▸ **Exercise**
Dropping every picture, set down exactly the lines in the entries below, starting with the line with "Issey Miyake Pleats" and going on through the line with "The Somerset Hotel - photo 8".
---
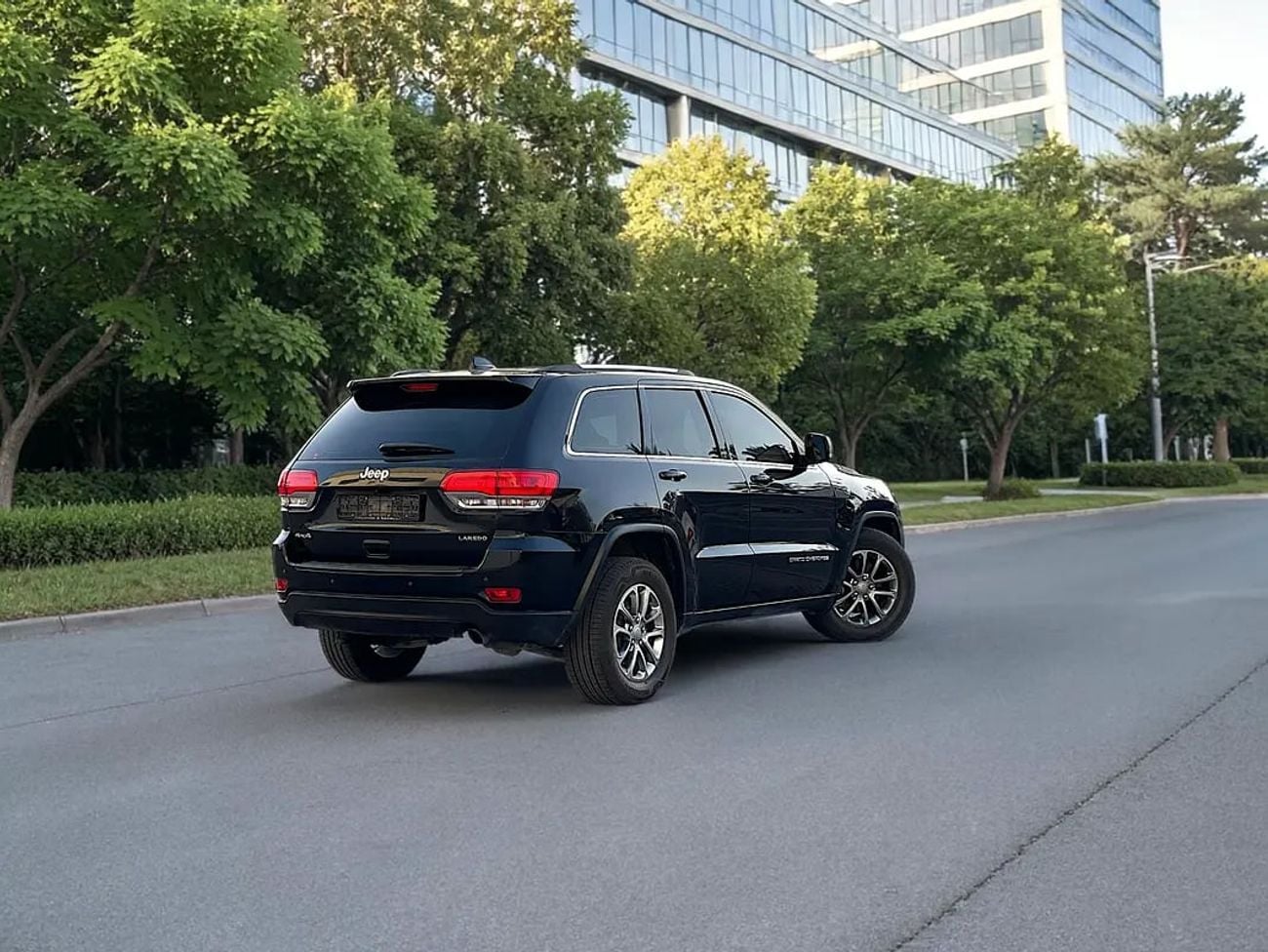 جيب جراند شيروكي GCC Specs Laredo - Well Maintained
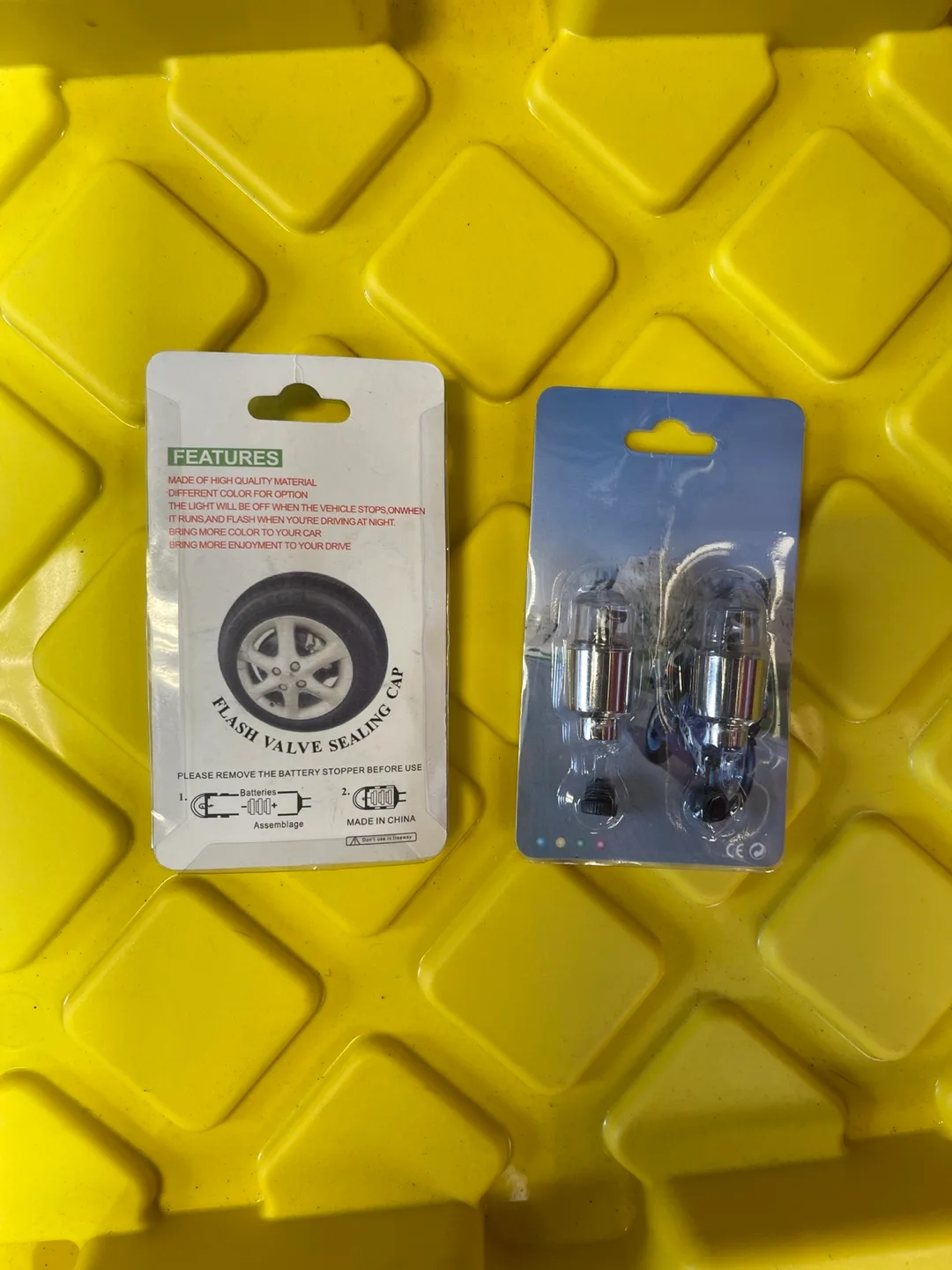 2x Flashing Car Valve Caps - Blue LED Light image indicator(3)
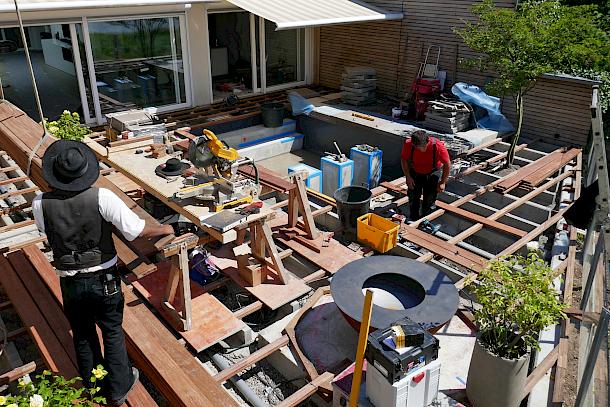 Eine Gartenlounge entsteht  - genau nach Ausführungsplan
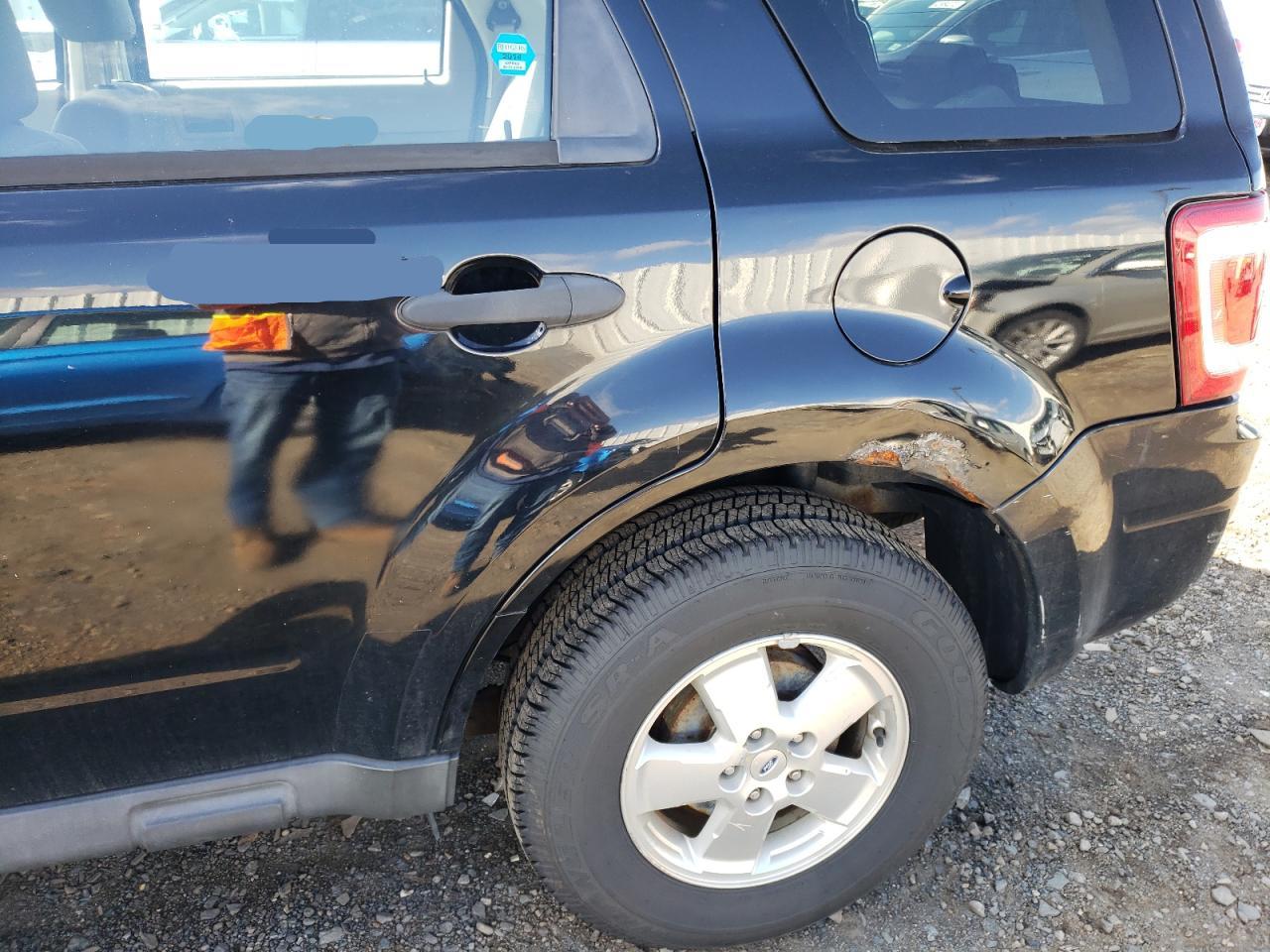 Photo 9 from auction – 2010 FORD ESCAPE XLS with VIN 1FMCU0C77AKD33503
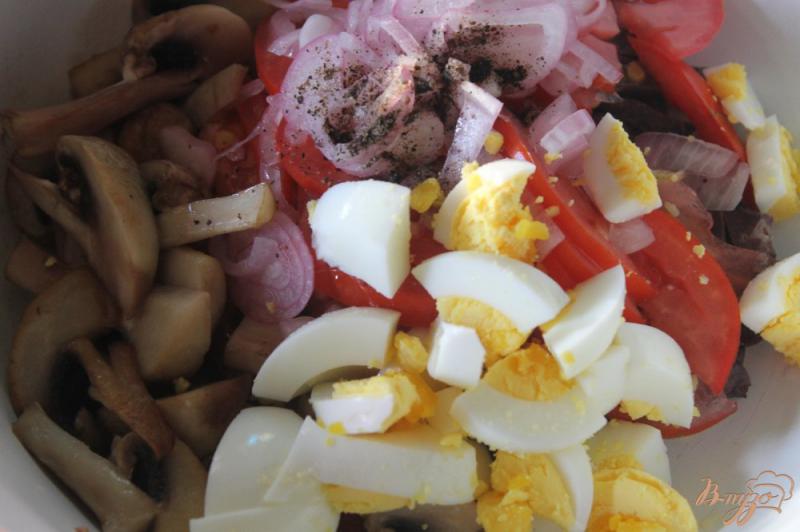 Фото приготовление рецепта: Деревенский салат с отварным свиным легким, грибами и яйцом шаг №6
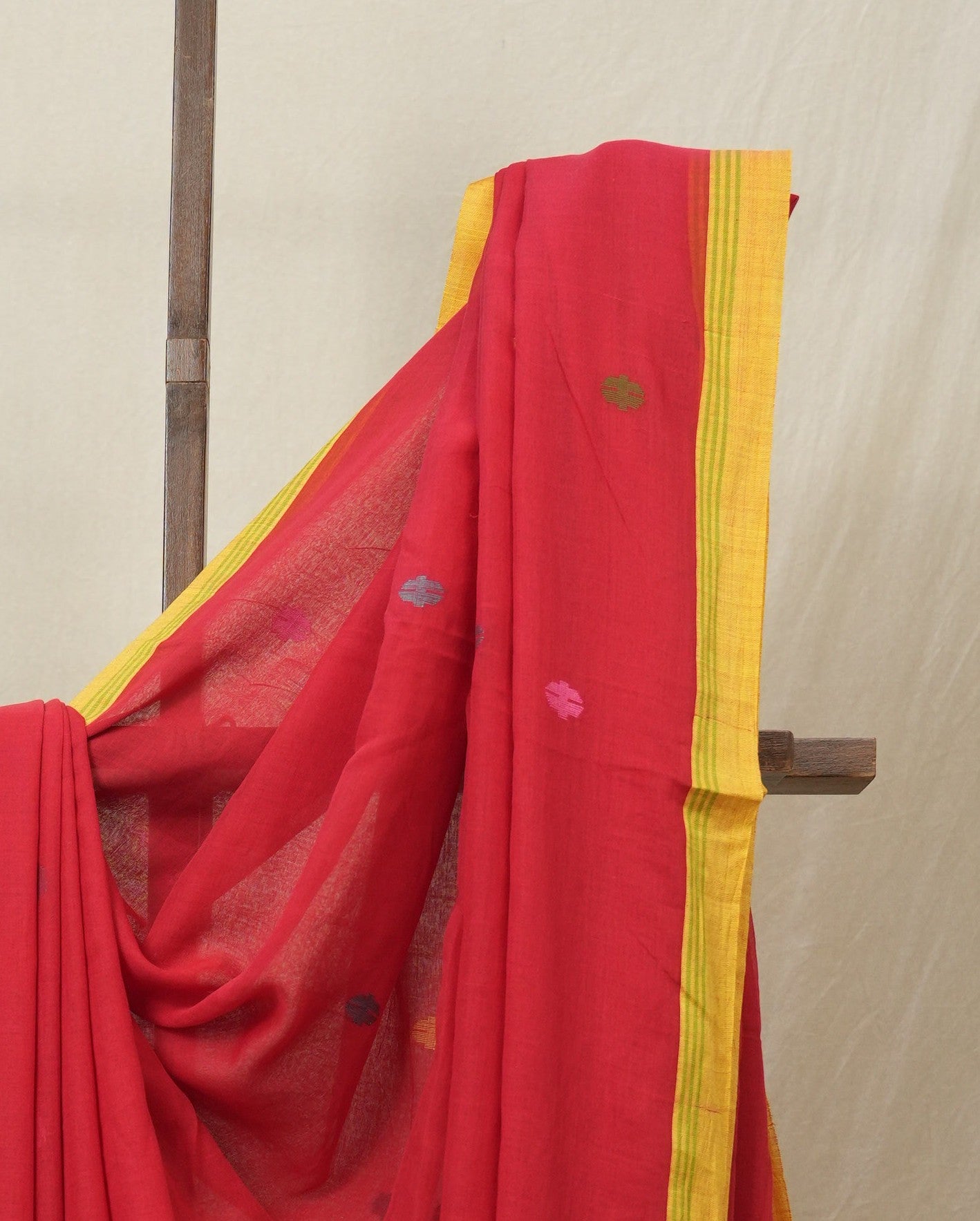 Red Mul Bengal Cotton Jamdani Saree - SRRCJS226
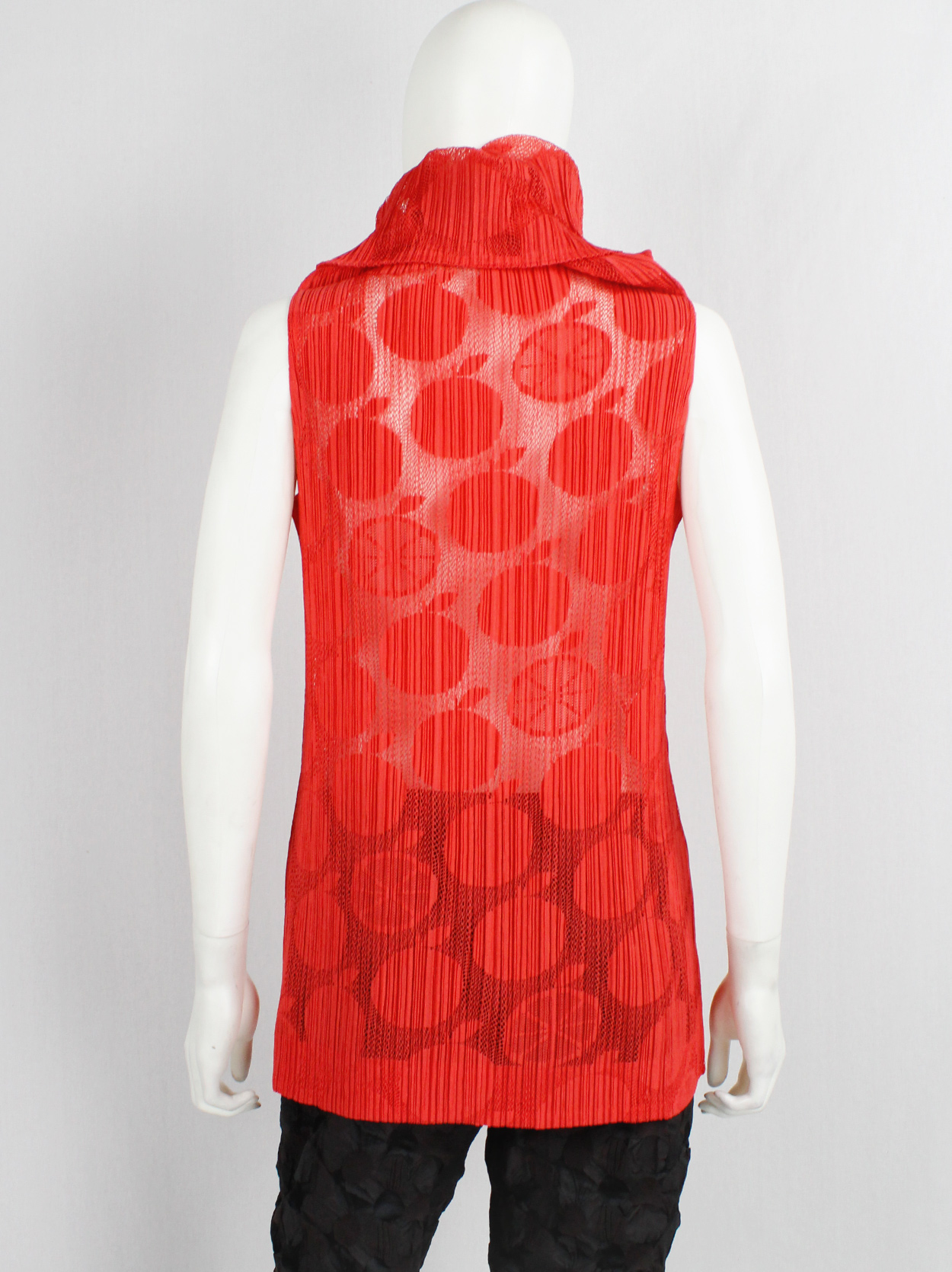Issey Miyake Pleats Please red pleated turtleneck top with oranges - V ...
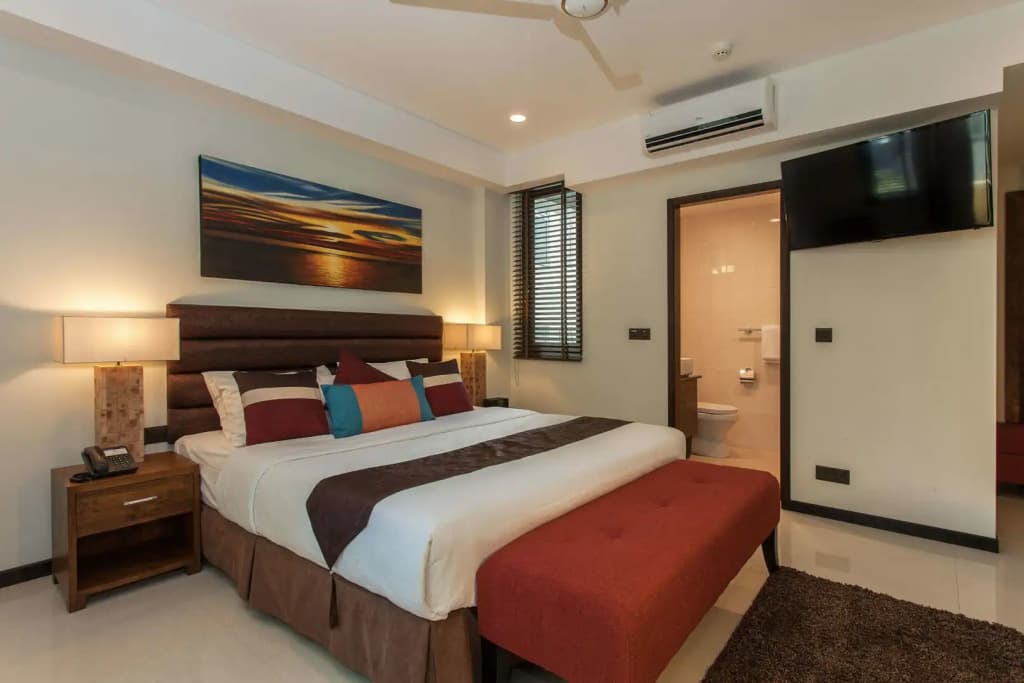 The Somerset Hotel - photo 8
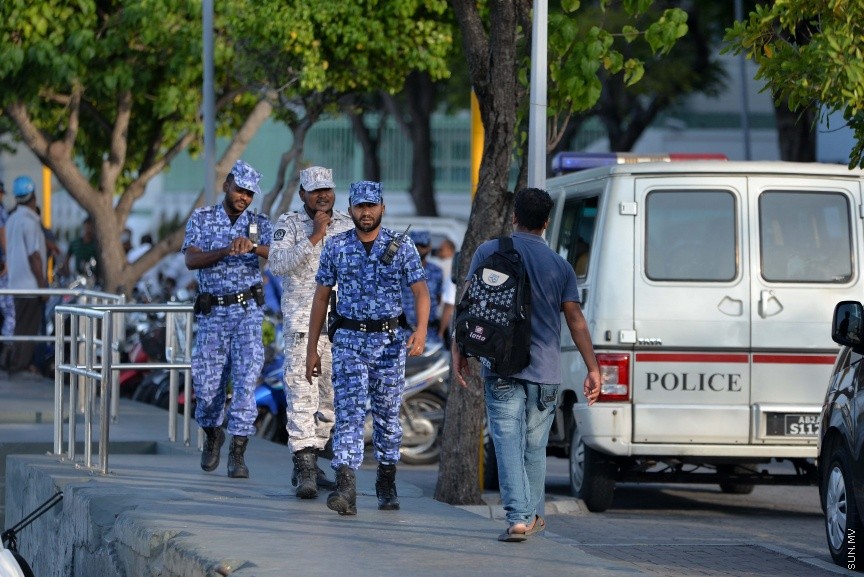 21 އޮކްޓޫބަރ 2017: ޝަރީއަތް ނިމެންދެން ޖަލަށްލާފައިވާ ރައްޔިތުންގެ މަޖިލީހުގެ ދިއްގަރު ދާއިރާގެ މެމްބަރު އަހްމަދު ފާރިސް މައުމޫން، ގޭ ބަންދުގައި ބެހެއްޓުމަށްފަހު އަނބުރާ މާފުށީ ޖަލަށް ގެންދިޔުން:  ފާރިސް ޖަލުގައި ބެހެއްޓުމަށްފަހު ގޭ ބަންދަށް ބަދަލުކުރީ މި މަހުގެ 11 ވަނަ ދުވަހު އެވެ. އޭނާ ގޭ ބަންދަށް ބަދަލު ކޮށްފައި ވަނީ، މާފުށީ ޖަލުގައި ފާރިސް ހުންނަވާ ޔުނިޓް މާރާމާތު ކުރުމަށެ، މޯލްޑިވްސް ކަރެކްޝަނަލް ސާވިސްގެ އިންފޮމޭޝަން އޮފިސަރު އަހުމަދު ލުގުމާން 'ސަން' އަށް ވިދާޅުވީ، ފާރިސް އަނބުރާ ޖަލަށް ބަދަލު ކުރީ، ފާރިސް ހުންނަވާ ޔުނިޓްގެ މަރާމާތުގެ މަސައްކަތް ނިމުމާ ގުޅިގެން ކަމަށެ---ސަން ފޮޓޯ/ މުހައްމަދު އަފްރާހް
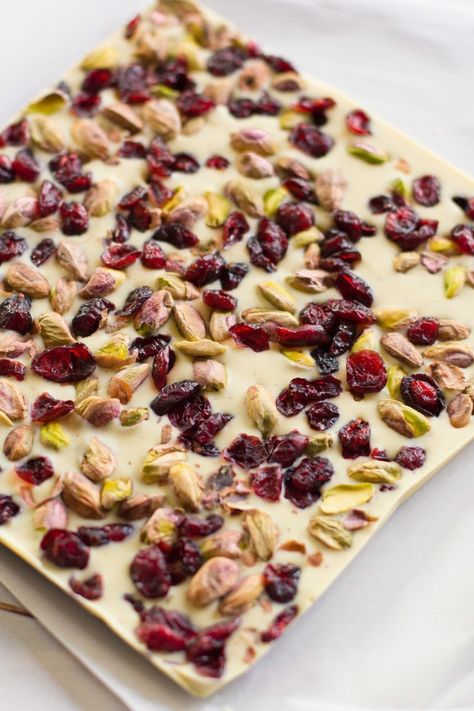 Cranberry Pistachio Bark, Pumpkin Bark, Pistachio Bark, Christmas Bark Recipes, Bark Recipes, Christmas Bark, Mason Jar Desserts, Edible Christmas Gifts, Cranberry Pistachio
---
▸ **Answer box**
Issey Miyake Pleats Please red pleated turtleneck top with oranges - V ...
 The Somerset Hotel - photo 8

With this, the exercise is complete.